(Caption-style text data)
++++++++
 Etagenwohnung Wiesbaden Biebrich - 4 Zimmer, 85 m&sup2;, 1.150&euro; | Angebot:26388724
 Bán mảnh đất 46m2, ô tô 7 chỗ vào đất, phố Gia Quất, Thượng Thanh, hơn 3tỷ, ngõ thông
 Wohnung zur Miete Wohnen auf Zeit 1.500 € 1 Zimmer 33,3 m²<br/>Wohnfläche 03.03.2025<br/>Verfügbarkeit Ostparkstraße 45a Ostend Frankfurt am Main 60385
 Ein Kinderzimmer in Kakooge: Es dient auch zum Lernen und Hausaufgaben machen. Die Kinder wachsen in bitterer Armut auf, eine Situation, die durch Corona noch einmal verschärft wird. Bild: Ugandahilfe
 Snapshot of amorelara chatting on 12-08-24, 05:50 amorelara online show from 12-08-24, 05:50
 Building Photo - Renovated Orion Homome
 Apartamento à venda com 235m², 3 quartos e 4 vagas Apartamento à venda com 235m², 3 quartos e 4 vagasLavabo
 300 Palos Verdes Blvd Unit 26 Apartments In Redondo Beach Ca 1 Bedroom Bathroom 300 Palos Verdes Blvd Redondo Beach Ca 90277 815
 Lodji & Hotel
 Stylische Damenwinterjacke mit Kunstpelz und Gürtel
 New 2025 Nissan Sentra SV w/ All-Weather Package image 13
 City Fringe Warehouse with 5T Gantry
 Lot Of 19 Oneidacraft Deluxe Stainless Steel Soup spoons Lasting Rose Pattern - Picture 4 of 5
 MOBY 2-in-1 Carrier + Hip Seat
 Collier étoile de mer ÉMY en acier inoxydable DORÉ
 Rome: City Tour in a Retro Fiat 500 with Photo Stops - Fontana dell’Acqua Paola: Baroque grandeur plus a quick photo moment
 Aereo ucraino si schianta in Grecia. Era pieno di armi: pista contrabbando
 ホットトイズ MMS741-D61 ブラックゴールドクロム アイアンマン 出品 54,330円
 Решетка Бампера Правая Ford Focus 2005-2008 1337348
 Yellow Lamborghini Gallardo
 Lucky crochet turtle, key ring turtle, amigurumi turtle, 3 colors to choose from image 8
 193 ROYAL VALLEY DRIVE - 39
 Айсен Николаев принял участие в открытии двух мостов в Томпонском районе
++++++++
Repeat every line of the records above exactly.

 Etagenwohnung Wiesbaden Biebrich - 4 Zimmer, 85 m&sup2;, 1.150&euro; | Angebot:26388724
 Bán mảnh đất 46m2, ô tô 7 chỗ vào đất, phố Gia Quất, Thượng Thanh, hơn 3tỷ, ngõ thông
 Wohnung zur Miete Wohnen auf Zeit 1.500 € 1 Zimmer 33,3 m²<br/>Wohnfläche 03.03.2025<br/>Verfügbarkeit Ostparkstraße 45a Ostend Frankfurt am Main 60385
 Ein Kinderzimmer in Kakooge: Es dient auch zum Lernen und Hausaufgaben machen. Die Kinder wachsen in bitterer Armut auf, eine Situation, die durch Corona noch einmal verschärft wird. Bild: Ugandahilfe
 Snapshot of amorelara chatting on 12-08-24, 05:50 amorelara online show from 12-08-24, 05:50
 Building Photo - Renovated Orion Homome
 Apartamento à venda com 235m², 3 quartos e 4 vagas Apartamento à venda com 235m², 3 quartos e 4 vagasLavabo
 300 Palos Verdes Blvd Unit 26 Apartments In Redondo Beach Ca 1 Bedroom Bathroom 300 Palos Verdes Blvd Redondo Beach Ca 90277 815
 Lodji & Hotel
 Stylische Damenwinterjacke mit Kunstpelz und Gürtel
 New 2025 Nissan Sentra SV w/ All-Weather Package image 13
 City Fringe Warehouse with 5T Gantry
 Lot Of 19 Oneidacraft Deluxe Stainless Steel Soup spoons Lasting Rose Pattern - Picture 4 of 5
 MOBY 2-in-1 Carrier + Hip Seat
 Collier étoile de mer ÉMY en acier inoxydable DORÉ
 Rome: City Tour in a Retro Fiat 500 with Photo Stops - Fontana dell’Acqua Paola: Baroque grandeur plus a quick photo moment
 Aereo ucraino si schianta in Grecia. Era pieno di armi: pista contrabbando
 ホットトイズ MMS741-D61 ブラックゴールドクロム アイアンマン 出品 54,330円
 Решетка Бампера Правая Ford Focus 2005-2008 1337348
 Yellow Lamborghini Gallardo
 Lucky crochet turtle, key ring turtle, amigurumi turtle, 3 colors to choose from image 8
 193 ROYAL VALLEY DRIVE - 39
 Айсен Николаев принял участие в открытии двух мостов в Томпонском районе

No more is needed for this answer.